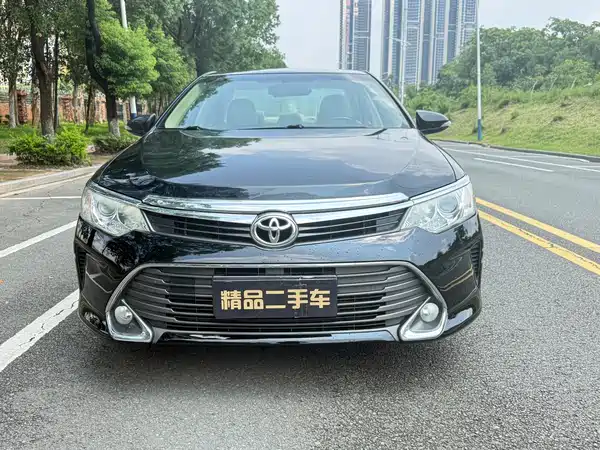 Toyota Camry 2016
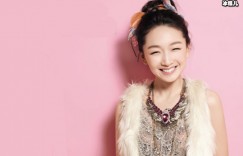 周冬雨冰洞速降，鞋子意外掉落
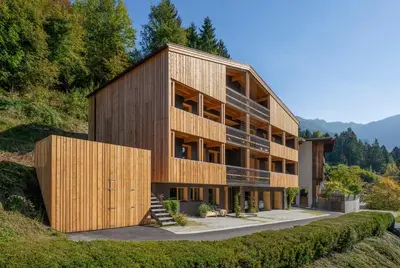Ein allgemeiner Bergblick oder ein Berglick von der Ferienwohnung aus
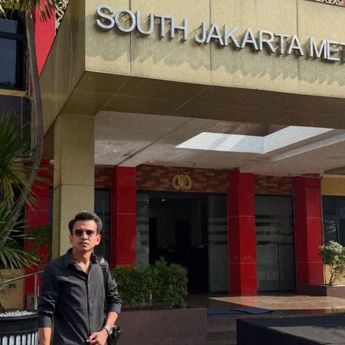 Datangi Polres Jaksel, Selebgram Adam Deni Serahkan Data dan Bukti Kasus Skyholic888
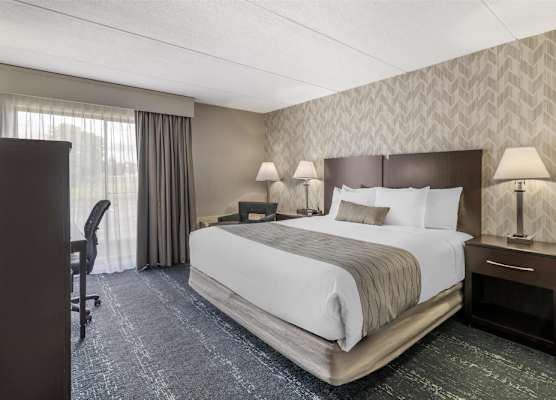 Best Western Plus Keene Hotel 1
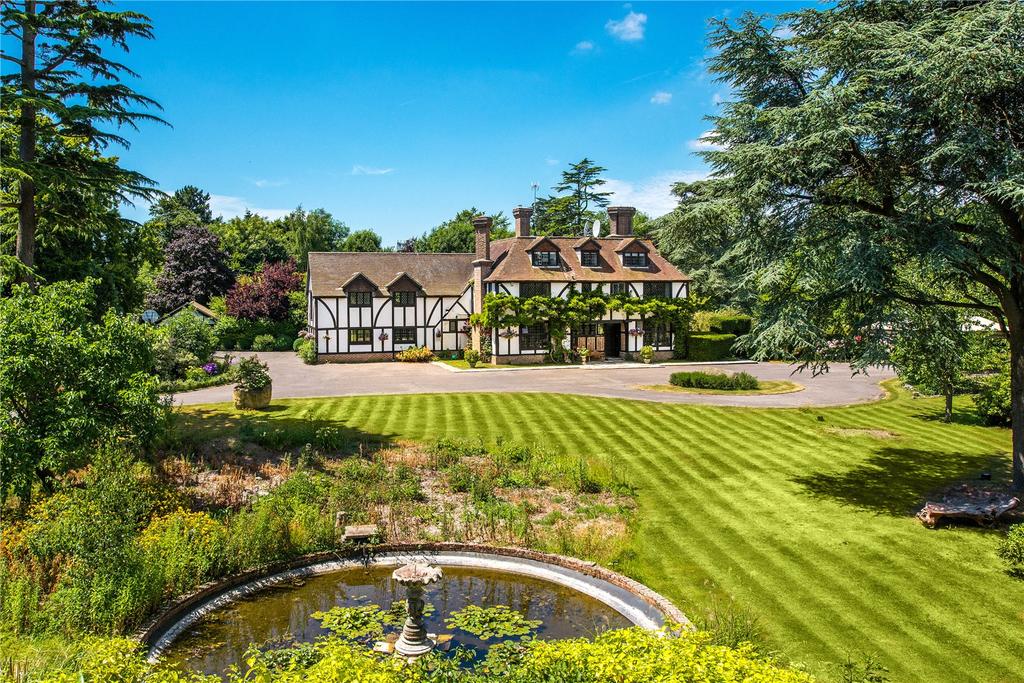 Cheesemans Lane, Hambrook, Chichester, West Sussex 6 bed detached house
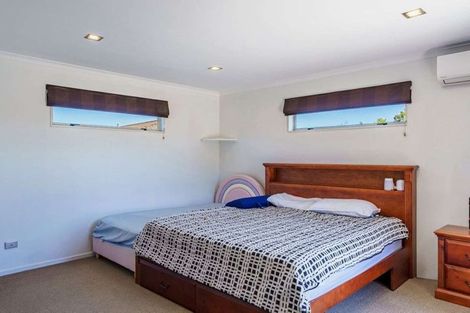 Photo of property in 7a Chester Place, Taradale, Napier, 4112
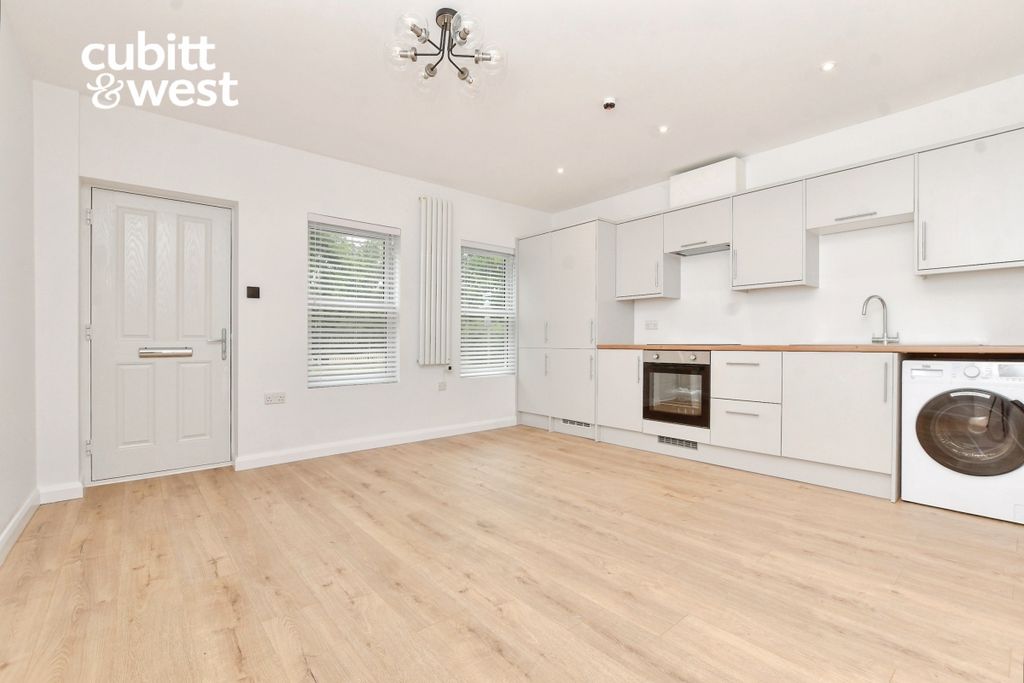 Property photo 1 of 12 d90c6Da8-901Gygpl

=-=-=-=-=

• Problem to solve
Output the material word for word, omitting its pictures.

• Answer space
 Toyota Camry 2016
 周冬雨冰洞速降，鞋子意外掉落
Ein allgemeiner Bergblick oder ein Berglick von der Ferienwohnung aus
 Datangi Polres Jaksel, Selebgram Adam Deni Serahkan Data dan Bukti Kasus Skyholic888
 Best Western Plus Keene Hotel 1
 Cheesemans Lane, Hambrook, Chichester, West Sussex 6 bed detached house
 Photo of property in 7a Chester Place, Taradale, Napier, 4112
 Property photo 1 of 12 d90c6Da8-901Gygpl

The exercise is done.